Blood on the Marsh (DI Susan Holden 3)
Page 67
‘I only needed to hit him once. He went down like a sack of potatoes.’
‘And then what?’
‘I thought he was dead. I dragged him onto the rails. I wanted to be sure. I wanted to watch him be obliterated.’
She fell quiet, and a smile crept across her face as she remembered. She shook her head as if she could barely believe what she was remembering, and she laughed. ‘Then he gave a groan. Christ, he didn’t half make me jump. If I’d had the hammer with me still, I’d have given him another thump, but I’d had to put it down while I dragged him onto the tracks, the fat bastard. What I did have in my pocket was some garden wire. In case I’d needed to tie his hands with it. It’s very handy stuff, garden wire. So I pulled his stupid bloody woollen hat over his face in case he opened his eyes, and I looped the wire under a sleeper and then round his leg several times. His left leg I think it was. And then I sat on top of him. I could hear a train, so I waited, and when I saw its lights and I knew for sure it was coming straight for us, I got off him and walked over to the bushes. It was dark, but I could see enough. I saw him clutching at his hat, trying to pull it off his face. I saw him stagger to his feet, and I saw and heard him die.’ She had a faraway look on her face, the look of someone remembering, and enjoying the memory.
She rocked forward. ‘Is that enough detail, Inspector?’
Holden flinched. ‘Yes, thank you.’
‘Is that it, then?’
‘Is there anything else you’d like to tell me?’
Maureen frowned. ‘I don’t think so.’
‘Did you kill Nanette too?’
The question seemed to startle her. ‘Nanette, no of course not. Why would I?’
‘Money, maybe?’
Maureen eyes narrowed. They were hard eyes, Holden reckoned, behind which a formidable woman lay. A tough woman, capable of who knows what. Lying certainly. And more if necessary. ‘If,’ Maureen said, ‘you want my opinion, I think Jim did it.’
‘What makes you think that?’
‘Like you say, money. Jim was short of it, whereas his mother had money in the bank. The only problem was the nursing home fees were racing their way through her savings like a bush fire.’
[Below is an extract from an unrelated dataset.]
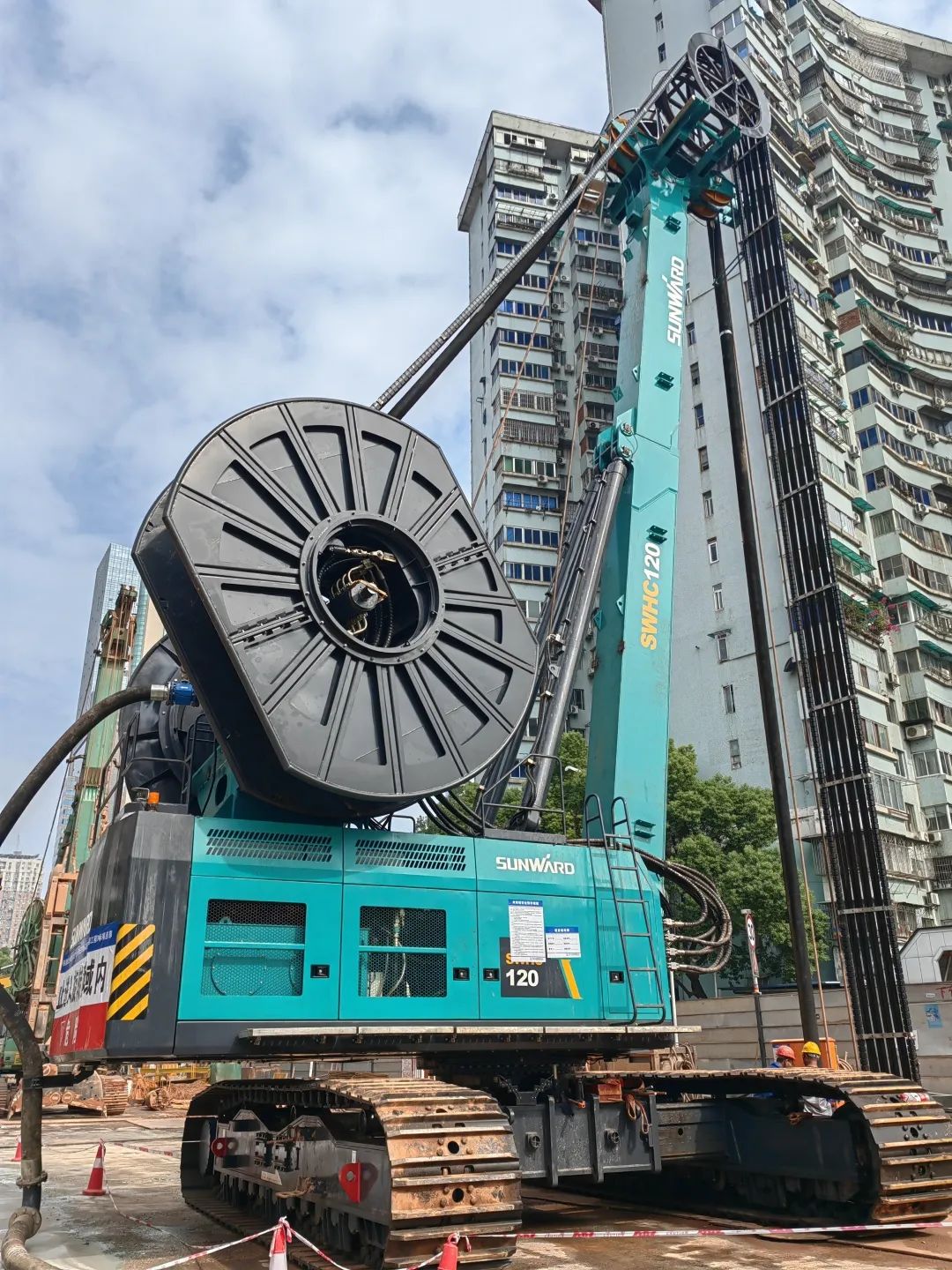 首战创佳绩！开云官方注册-开云(中国)
智能双轮铣槽机助建长沙地铁7号线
‘So you knew this, but said nothing?’
‘Hey, that isn’t what I said. I don’t know. It’s just that it makes sense.’
‘I need proof.’
Maureen considered this for at least ten seconds. She sat back and massaged the bridge of her nose with her thumb and forefinger. ‘Not proof. Intuition. Woman’s intuition.’
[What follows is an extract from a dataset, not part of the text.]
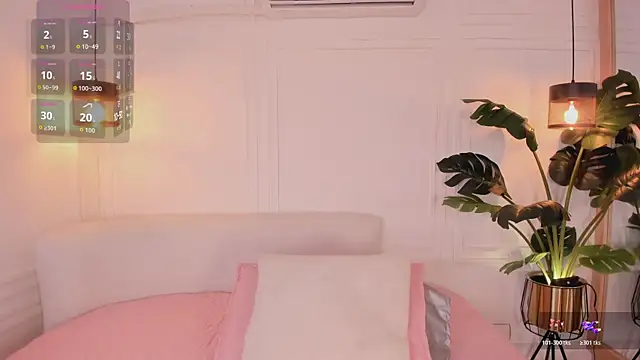 Nicole Whittee online show from 04-06-26, 09:38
‘Intuition doesn’t tend to stand up in court.’
‘Well it bloody well should do.’
Holden smiled. ‘I agree. But unfortunately I don’t make the law. I merely enforce it.’
Maureen grunted, unimpressed. An uncertain silence descended.
Holden looked down and inspected her fingers. Not that there was much to inspect on them. She wore no rings, the nails were cut short and were unpainted, and there were no discernible spots or lumps that might have been worth inspection. Eventually, she raised her head: ‘You see, Maureen, I have another theory. Would you like to hear it?’
Maureen shrugged. ‘If you want.’
‘My theory is that you are lying through your teeth.’
Maureen returned Holden’s stare. If there was any emotion in her face, it was well hidden. She said nothing. Cat and mouse watching each other, though who was cat and who was mouse was hard to say.
‘My theory is this,’ Holden continued. ‘That you are lying to protect your son. That you know that it was he who put the morphine in the whisky flask. I also have a theory that it wasn’t you who killed your husband or Greenleaf, but David. And you know that too. And yet you are prepared to lie for him, and to take his punishment, to prove that you love him.’
Maureen shook her head in an exaggerated gesture of disbelief. ‘That’s plain ridiculous. You haven’t a shred of evidence to link David to any of the deaths. And why on earth would he have killed Greenleaf? What’s his motive, Inspector?’
‘Love for his mother, of course, Maureen. That is to say, love for his birth mother, Bella.’ Holden let this sink in for several seconds, and wondered if perhaps Maureen really hadn’t considered this as a possibility. Then she continued. ‘Greenleaf got Bella suspended from work after she laughed off his sexual performance. She told David about it, and he killed Greenleaf for her. It seems a strong motive to me.’